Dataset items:
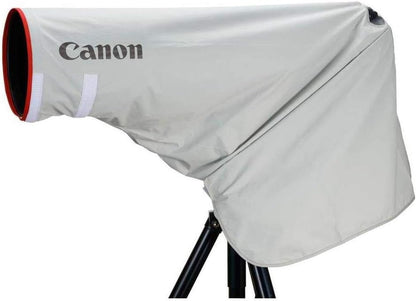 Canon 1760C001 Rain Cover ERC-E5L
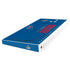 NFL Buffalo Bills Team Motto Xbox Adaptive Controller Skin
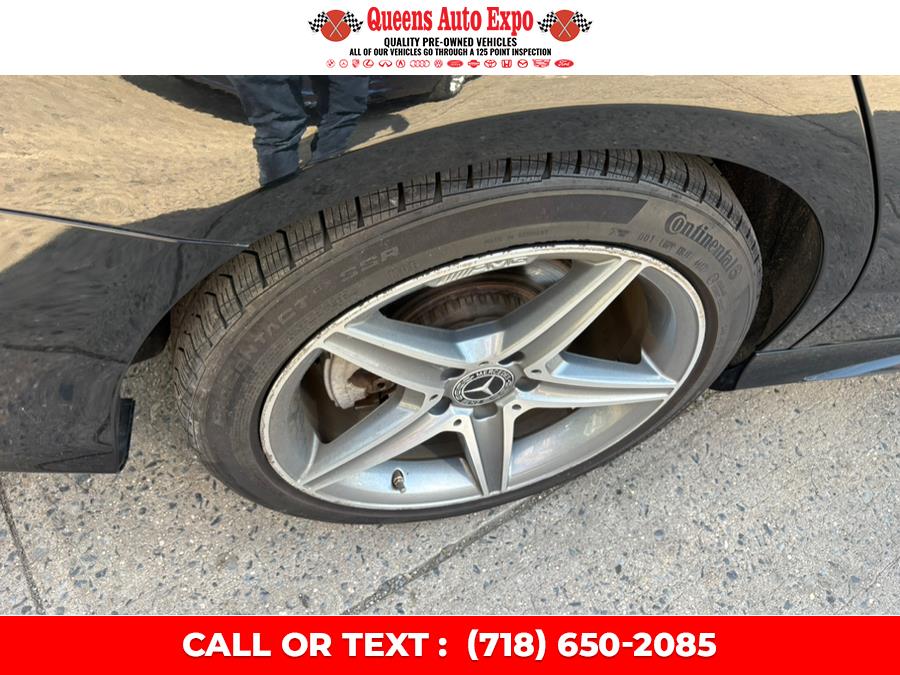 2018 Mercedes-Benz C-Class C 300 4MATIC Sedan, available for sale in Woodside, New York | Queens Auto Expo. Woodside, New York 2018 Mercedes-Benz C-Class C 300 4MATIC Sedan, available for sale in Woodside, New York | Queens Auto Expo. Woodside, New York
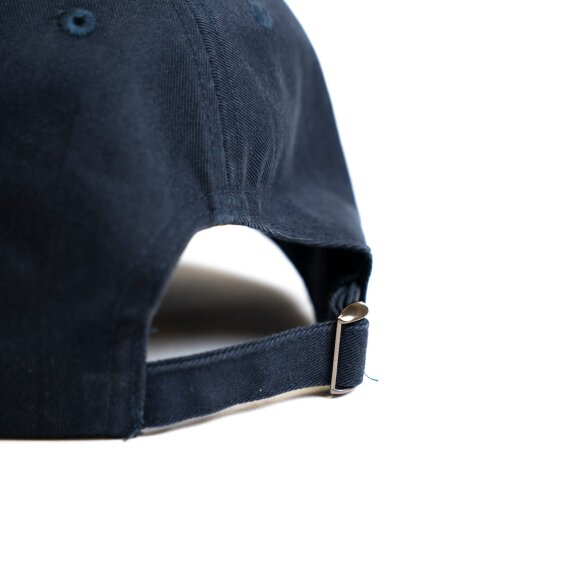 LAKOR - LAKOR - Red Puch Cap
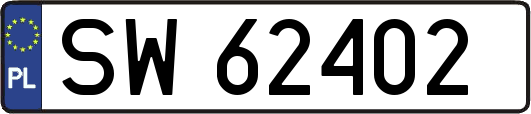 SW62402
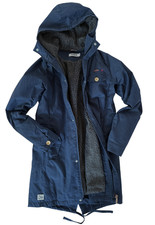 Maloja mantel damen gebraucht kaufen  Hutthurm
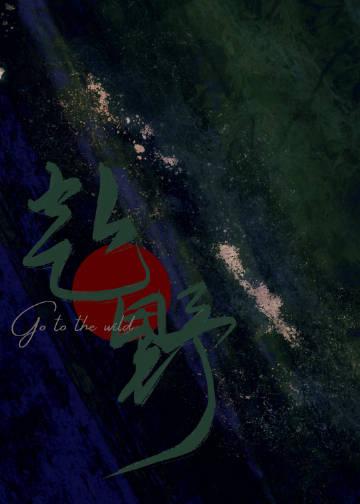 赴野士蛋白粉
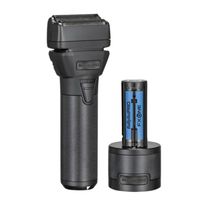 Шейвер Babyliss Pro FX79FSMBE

Assigned task
The lines above must be transcribed exactly, with every picture left out.

Expected output
 Canon 1760C001 Rain Cover ERC-E5L
 NFL Buffalo Bills Team Motto Xbox Adaptive Controller Skin
 2018 Mercedes-Benz C-Class C 300 4MATIC Sedan, available for sale in Woodside, New York | Queens Auto Expo. Woodside, New York 2018 Mercedes-Benz C-Class C 300 4MATIC Sedan, available for sale in Woodside, New York | Queens Auto Expo. Woodside, New York
 LAKOR - LAKOR - Red Puch Cap
 SW62402
 Maloja mantel damen gebraucht kaufen  Hutthurm
 赴野士蛋白粉
 Шейвер Babyliss Pro FX79FSMBE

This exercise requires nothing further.